Re: Slave index size growing fast

Posted by Alexandre Rocco <al...@gmail.com>.

Tomás,

The 300+GB size is only inside the index.20110926152410 dir. Inside there
are a lot of files.
I am almost conviced that something is messed up like someone commited on
this slave machine.

Thanks

2012/3/23 Tomás Fernández Löbbe <to...@gmail.com>

> Alexandre, additionally to what Erick said, you may want to check in the
> slave if what's 300+GB is the "data" directory or the "index.<timestamp>"
> directory.
>
> On Fri, Mar 23, 2012 at 12:25 PM, Erick Erickson <erickerickson@gmail.com
> >wrote:
>
> > not really, unless perhaps you're issuing commits or optimizes
> > on the _slave_ (which you should NOT do).
> >
> > Replication happens based on the version of the index on the master.
> > True, it starts out as a timestamp, but then successive versions
> > just have that number incremented. The version number
> > in the index on the slave is compared against the one on the master,
> > but the actual time (on the slave or master) is irrelevant. This is
> > explicitly to avoid problems with time synching across
> > machines/timezones/whataver....
> >
> > It would be instructive to look at the admin/info page to see what
> > the index version is on the master and slave.
> >
> > But, if you optimize or commit (I think) on the _slave_, you might
> > change the timestamp and mess things up (although I'm reaching
> > here, I don't know this for certain).
> >
> > What's the  index look like on the slave as compared to the master?
> > Are there just a bunch of files on the slave? Or a bunch of directories?
> >
> > Instead of re-indexing on the master, you could try to bring down the
> > slave, blow away the entire index and start it back up.

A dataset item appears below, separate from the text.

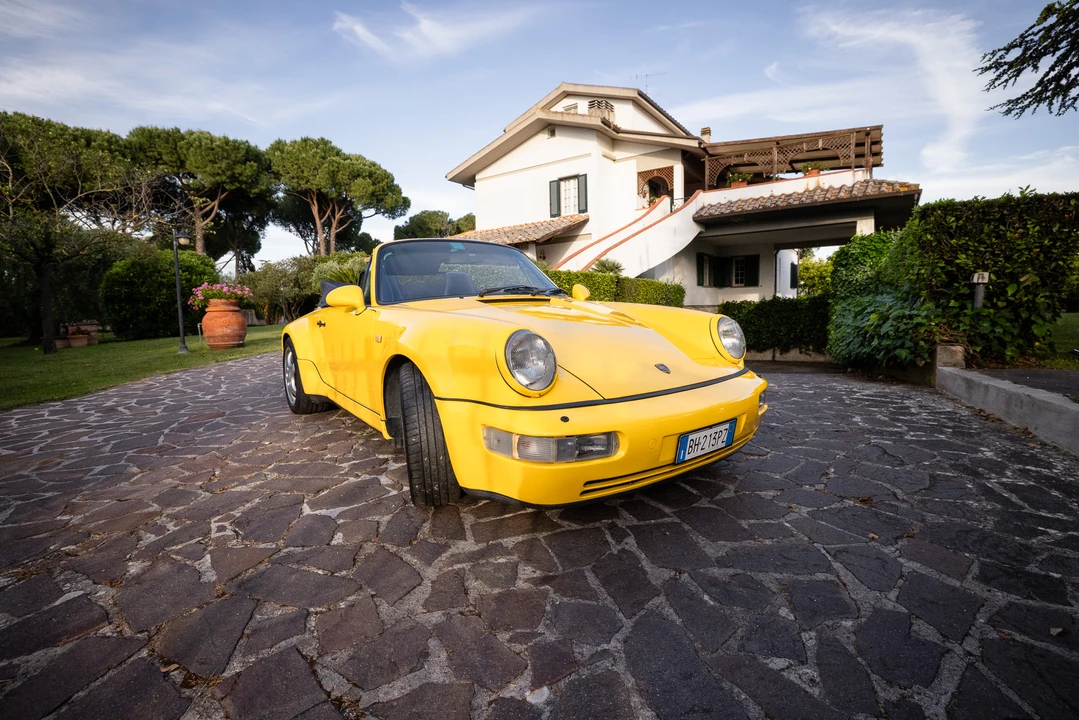 1992 Porsche 964 Carrera - Image 20 of 31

Since this is a
> > production system, I'd only try this if I had more than one slave.
> Although
> > you could bring up a new slave and attach it to the master and see
> > what happens there. You wouldn't affect production if you didn't point
> > incoming requests at it...
> >
> > Best
> > Erick
> >
> > On Fri, Mar 23, 2012 at 11:03 AM, Alexandre Rocco <al...@gmail.com>
> > wrote:
> > > Erick,
> > >
> > > We're using Solr 3.3 on Linux (CentOS 5.6).
> > > The /data dir on master is actually 1.2G.
> > >
> > > I haven't tried to recreate the index yet. Since it's a production
> > > environment,
> > > I guess that I can stop replication and indexing and then recreate the
> > > master index to see if it makes any difference.
> > >
> > > Also just noticed another thread here named "Simple Slave Replication
> > > Question" that tells that it could be a problem if I'm seeing an
> > > /data/index with an timestamp on the slave node.
> > > Is this info relevant to this issue?
> > >
> > > Thanks,
> > > Alexandre
> > >
> > > On Fri, Mar 23, 2012 at 11:48 AM, Erick Erickson <
> > erickerickson@gmail.com>wrote:
> > >
> > >> What version of Solr and what operating system?
> > >>
> > >> But regardless, this shouldn't be happening. Indexes can
> > >> temporarily double in size, but any extras should be
> > >> cleaned up relatively soon.
> > >>
> > >> On the master, what's the total size of the <solr home>/data
> directory?
> > >> I'm a little suspicious of the <backupAfter> on your master, but I
> > >> don't think that's the root of your problem....
> > >>
> > >> Are you recreating the index on the master (by deleting the
> > >> index directory and starting over)?
> > >>
> > >> This is unusual, and I suspect it's something odd in your
> configuration,
> > >> but I confess I'm at a loss as to what.
> > >>
> > >> Best
> > >> Erick
> > >>
> > >> On Fri, Mar 23, 2012 at 10:28 AM, Alexandre Rocco <al...@gmail.com>
> > >> wrote:
> > >> > Hello,
> > >> >
> > >> > We have a Solr index that has an average of 1.19 GB in size.
> > >> > After configuring the replication, the slave machine is growing the
> > index
> > >> > size expoentially.
> > >> > Currently we have an slave with 323.44 GB in size.
> > >> > Is there anything that could cause this behavior?
> > >> > The current replication config is below.
> > >> >
> > >> > Master:
> > >> > <requestHandler name="/replication" class="solr.ReplicationHandler">
> > >> > <lst name="master">
> > >> > <str name="replicateAfter">commit</str>
> > >> > <str name="replicateAfter">startup</str>
> > >> > <str name="backupAfter">startup</str>
> > >> > <str name="confFiles">
> > >> >
> > >>
> >
> elevate.xml,protwords.txt,schema.xml,spellings.txt,stopwords.txt,synonyms.txt
> > >> > </str>
> > >> > </lst>
> > >> > </requestHandler>
> > >> >
> > >> > Slave:
> > >> > <requestHandler name="/replication" class="solr.ReplicationHandler">
> > >> > <lst name="slave">
> > >> > <str name="masterUrl">http://master:8984/solr/Index/replication
> </str>
> > >> > </lst>
> > >> > </requestHandler>
> > >> >
> > >> > Any pointers will be useful.
> > >> >
> > >> > Thanks,
> > >> > Alexandre
> > >>
> >
>

Re: Slave index size growing fast

Posted by Tomás Fernández Löbbe <to...@gmail.com>.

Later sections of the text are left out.